李昀鋆始终认为,这种记录着年青人真实哀伤的文字,不应该只储存在学术信息库里。当初,她假如能碰到一个了解哀伤的社工、读到一本述说哀伤的书,其实就不会在摸索着与哀伤共处的过程中被砸得伤痕累累了。
李昀鋆(左)在新书《与哀伤共处》的签售现场。博士结业后,她多次尝试出版,都未如愿。后来,论文里的一位采访对象学院结业后步入出版界工作,为她牵上了线。
为这本书作序的陈小妹,也是李昀鋆的采访对象。前言里,她以轻松的口吻对读者们说:“现在,你有机会以一种‘无痛’的形式走走我们之前的路……不要害怕讨论哀伤和死亡,勇敢地翻阅下去,成为一个更懂妻子的人,多好呀!”
陈小妹告诉李昀鋆,她的父亲据说这本书的作者是之前找她做试验的女孩后,“露出了惊讶的笑容”,说她在采访后,发生了好多好的改变。
“我希望这本书也能给人们带来哪怕一点点小小的改变。”李昀鋆说。
她承认这是本很“情绪化”的书,非常是在她将学术性内容进行高度浓缩后。“但这种情绪都是真实的,显而易见未来某个丧亲者读到这本书,会倍感开导,晓得有好多哀伤就是十分强烈,自己不是惟一的一个。”

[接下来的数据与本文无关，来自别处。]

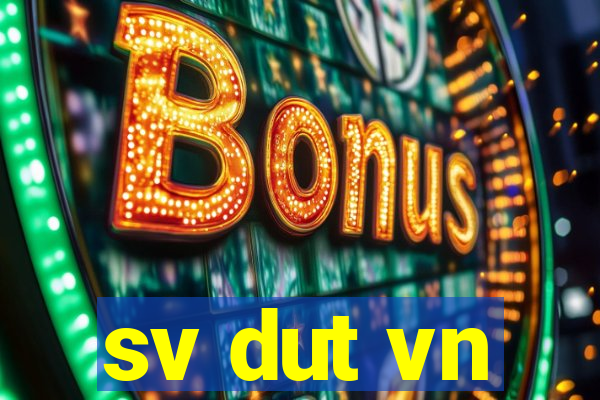 sv dut vn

近来,为配合新书宣传,李昀鋆开始走到台前,接受专访。“我的性格真的非常孤僻。搁在几年前,我未必乐意做这件事。在我的经验里,没人乐意关心丧亲者的体会太强烈了。现今,有人乐意关心了,我要求自己勇敢一点,把松开机会,尽量多分享,让更多人了解哀伤。”
她捉住各类时机,跟不同人做哀伤知识的科普。比如,她鼓励人们使用清晰的词句描述丧亲和哀伤,也身体力行地试着打破“避谈生死”的禁忌。一次访谈中,有记者全程用“那件事情”指代她丈夫的去世。“哪件事情?”她问,“我的父亲死去了”。

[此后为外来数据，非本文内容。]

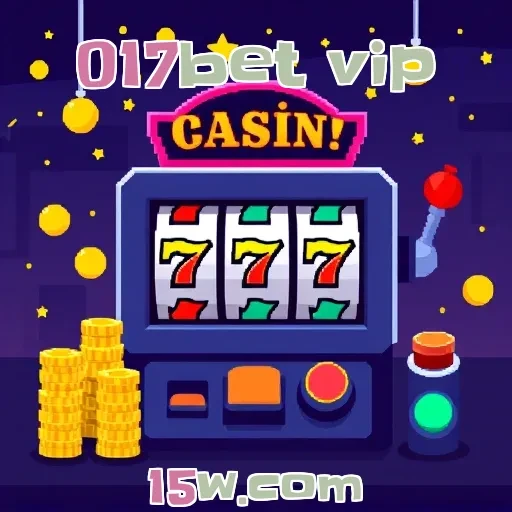 017bet vip: Jogue Seguro e Divirta-se com Tranquilidade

李昀鋆在一席活动现场讲演,介绍自己的试验。本文图片均由李昀鋆提供结束相关试验已4年有余,如今,李昀鋆为自己的人生建构了一些新的意义。
意识到比起做学术、写论文,自己更想去真实陪伴须要帮助的人,这几年,她一边做博士后试验员的全职工作,一边读了个注重实践的社工专业硕士,学习更多实务技能。

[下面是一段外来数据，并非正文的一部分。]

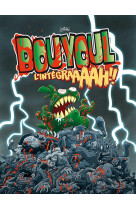 Bouyoul t01 - l-integraaaaargh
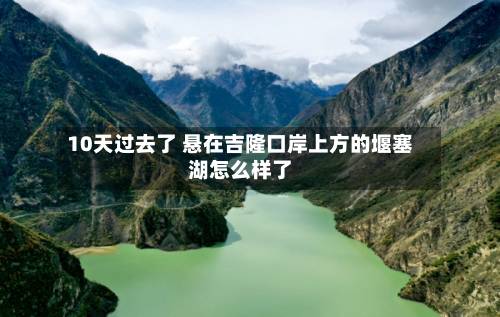 10天过去了 悬在吉隆口岸上方的堰塞湖怎么样了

她计划在明年下半年离开学界,涉足哀伤补习或临终关爱工作。“我不晓得这个选择对不对,也不晓得有没有合适的岗位,但对我来说,没做过这块工作,会认为人生有很大遗憾,而我如今做每位选择,都是以临死前会不会遗憾做参照系的,例如做这个试验、出版这本书。”
现今的李昀鋆,早已才能更好地与哀伤共处。在她眼中,人生饱含意外,但也正因这么,才更要鼓足勇气,主动选择,坚持自我——“追求过一种有意义的人生”。